#### DATA SHOWN
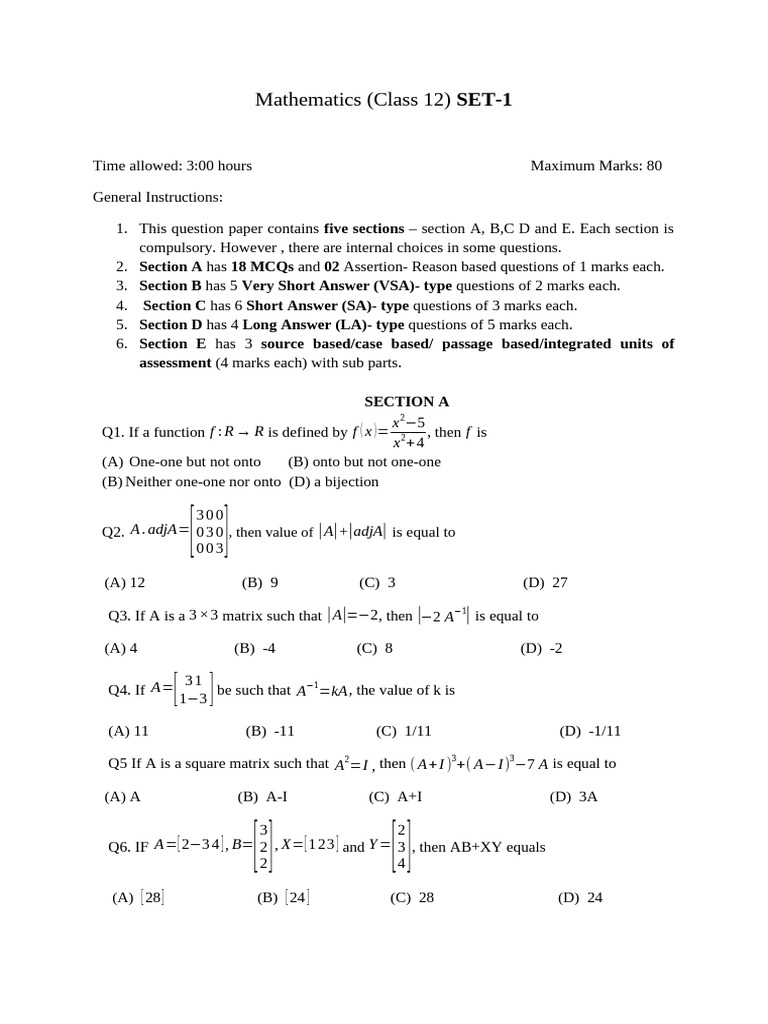 Maths Pre Board 23-24 S1 (1) | PDF | Mathematics | Mathematical Analysis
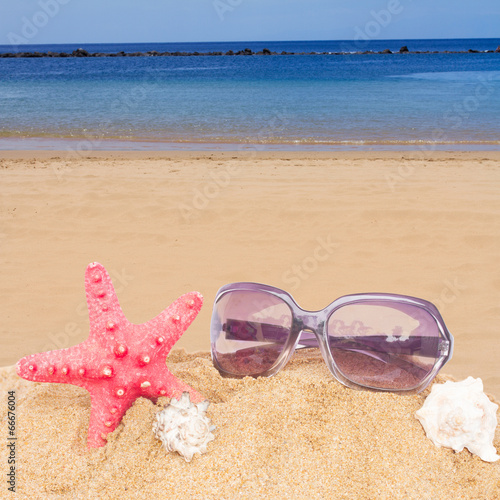 starfish and sunglasses in sand © neirfy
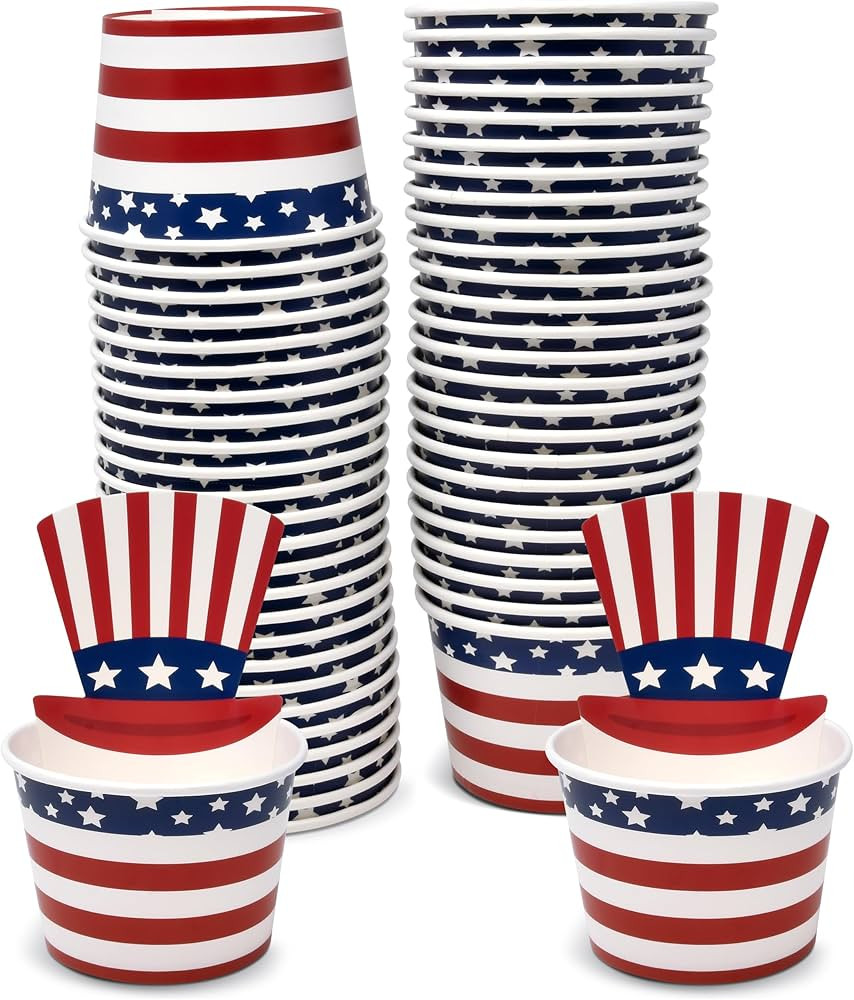 50 Count Patriotic American Flag Treat Snack Cups 10 Oz. Disposable Paper Cup Ice Cream Dessert I... | Amazon (US)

#### ACTIVITY
Without including any pictures, set down word for word every line from the one containing "starfish and sunglasses in sand © neirfy" through the last line of the material.

#### RESPONSE AREA
 starfish and sunglasses in sand © neirfy
 50 Count Patriotic American Flag Treat Snack Cups 10 Oz. Disposable Paper Cup Ice Cream Dessert I... | Amazon (US)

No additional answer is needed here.